Abstract
Taxonomy for bacterial isolates is commonly assigned via sequence analysis. However, the most common sequence-based approaches (e.g. 16S rRNA gene-based phylogeny or whole genome comparisons) are still labor intensive and subjective to varying degrees. Here we present a set of 33 bacterial genomes, isolated from the canine oral cavity. Taxonomy of these isolates was first assigned by PCR amplification of the 16S rRNA gene, Sanger sequencing, and taxonomy assignment using BLAST. After genome sequencing, taxonomy was revisited through a manual process using a combination of average nucleotide identity (ANI), concatenated marker gene phylogenies, and 16S rRNA gene phylogenies. This taxonomy was then compared to the automated taxonomic assignment given by the recently proposed Genome Taxonomy Database (GTDB). We found the results of all three methods to be similar (25 out of the 33 had matching genera), but the GTDB approach was less subjective, and required far less labor. The primary differences in the remaining taxonomic assignments related to proposed taxonomy changes by the GTDB team.
Introduction
With the ever-decreasing costs of DNA sequencing, it has become far easier/cheaper to sequence bacterial genomes than to analyze them. Understanding the gene content and metabolic pathways of a newly sequenced isolate is a time-consuming and knowledge-intensive process. Another, perhaps underappreciated, bottleneck is properly assigning taxonomy to a genome. This is most often seen with metagenome-assembled genomes (MAGs) which are unidentified prior to sequencing, but is even a problem with cultured isolates. Traditional morphological taxonomic assignment of bacterial isolates is tedious, and the more common approach of 16S rRNA gene PCR followed by Sanger sequencing is often uninformative beyond the genus level. Given the costs, some laboratories sequence isolate genomes directly, with no attempt at prior identification. While some have argued against the need for taxonomic assignment for many aspects of microbial genome analysis (e.g., [1][2]), there are many situations where taxonomy is considered valuable for making use of genomic information (e.g., see [3] and [4]).
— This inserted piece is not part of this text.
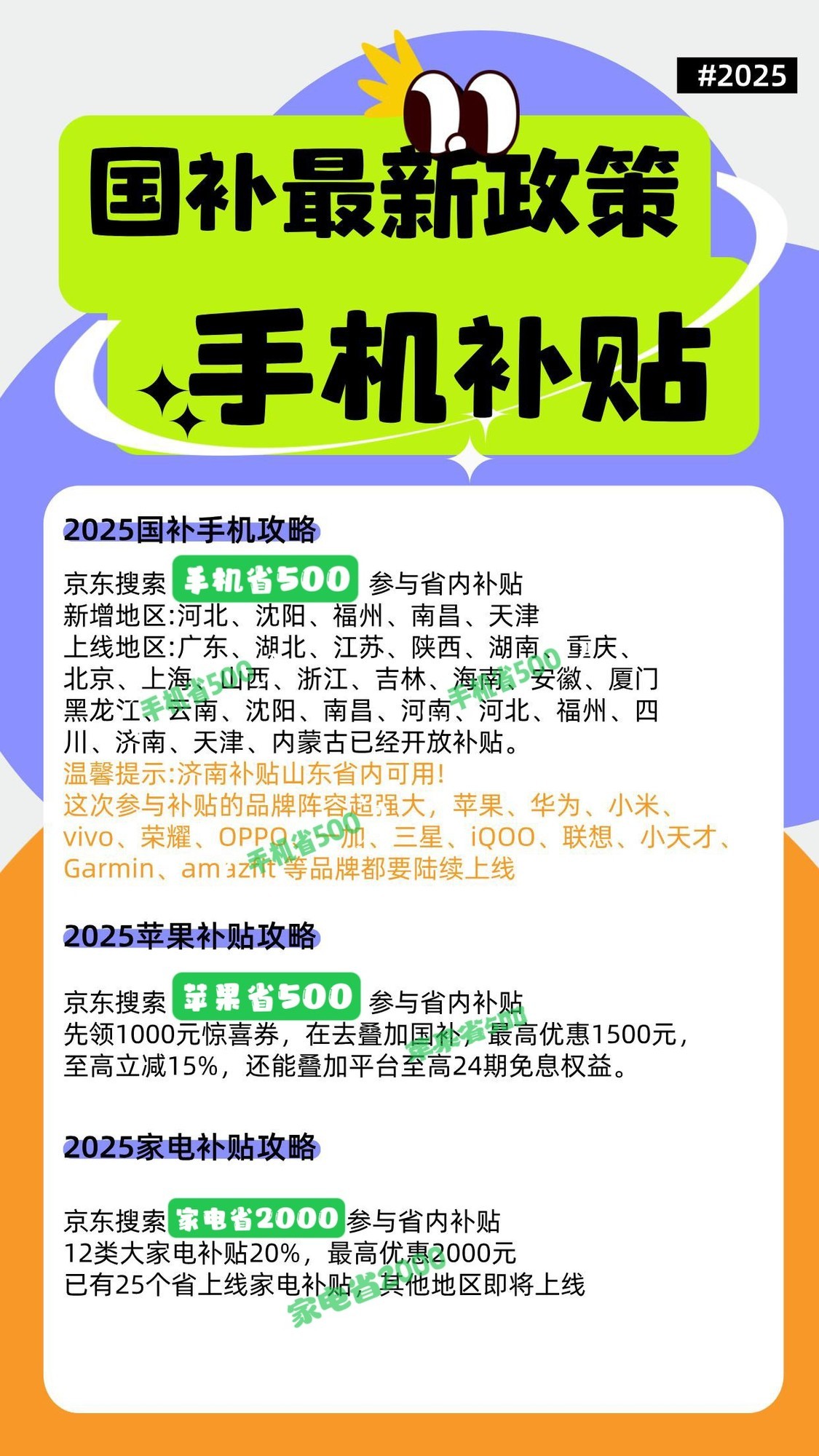 史上力度最大！超级国补日双重补贴立减35%！-第3张图片-芙蓉之城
There have been a number of proposed attempts to move to a genome-based taxonomy for bacteria and archaea, instead of relying on traditional chemotaxonomic/morphological characteristics of isolates [5][6][7]. These include the use of average nucleotide identity (ANI) [8][9][10][11], concatenated marker gene phylogenies (e.g. SILVA (unpublished) and GTDB (preprint: 10.1101/256800)) and shared protein content [12]. Most of these approaches however rely on a provisional identification (at least to genus), followed by locating/downloading the genomes of close relatives for comparison.
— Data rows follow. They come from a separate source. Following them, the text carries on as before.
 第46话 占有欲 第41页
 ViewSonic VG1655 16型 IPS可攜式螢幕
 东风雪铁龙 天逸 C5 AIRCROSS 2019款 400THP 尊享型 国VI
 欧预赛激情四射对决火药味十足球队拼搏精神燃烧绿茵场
In this work we briefly describe the genome sequences of 33 bacterial isolates from the canine oral cavity. These isolates were collected as part of a larger project on canine oral health and had a preliminary taxonomy assigned through Sanger sequencing of the 16S rRNA gene [13][14]. After genome sequencing, we first assigned taxonomy to these isolates based on a manual combination of “whole genome” concatenated marker phylogenetic trees, average nucleotide identity (ANI), and 16S rRNA gene phylogenetic trees. We then compared this taxonomy to automated taxonomic assignments given by the recently proposed Genome Taxonomy Database (GTDB).
Genomes and Taxonomy
Genome selection
The study design, bacterial isolation, DNA extraction, isolation identification and genome sequencing/assembly have been previously described in our work on the Porphyromonas genus [15]. Briefly, bacterial isolates from the canine oral cavity were grown on supplemented Columbia Blood Agar containing 5% defibrinated horse blood (CBA; Oxoid, UK) with or without the addition of 5 mg/L Hemin (catalog no. H9039; Sigma) and 0.5 mg/L Menadione (catalog no. M5625; Sigma) or Heart Infusion Agar containing 5% defibrinated horse blood (HIA; Oxoid, UK) (Table 1). Aerobes were incubated at 38 °C under normal atmospheric conditions for 1-5 days. Microaerophilic and anaerobic strains were incubated at 38 °C for 1-21 days in a MACS1000 anaerobic workstation (Don Whitley, UK) with gas levels at 5% oxygen, 10% carbon dioxide, and 85% nitrogen for microaerophiles, and 10% hydrogen, 10% carbon dioxide, and 80% nitrogen for anaerobes. Following DNA extraction, library preparation, and Illumina sequencing, the reads were assembled using the A5-miseq assembly pipeline [16].
The remaining non-Porphyromonas genomes were further screened by a combination of assembly metrics and CheckM [17] to estimate completeness and contamination. We chose for further study those that appeared to be the highest quality using admittedly somewhat arbitrary cutoffs of (a) fewer than 350 contigs in the assembly, (b) CheckM contamination score of <3%, and (c) CheckM completeness score of >90%. A subset of 33 genomes meeting these criteria was chosen to study in more detail.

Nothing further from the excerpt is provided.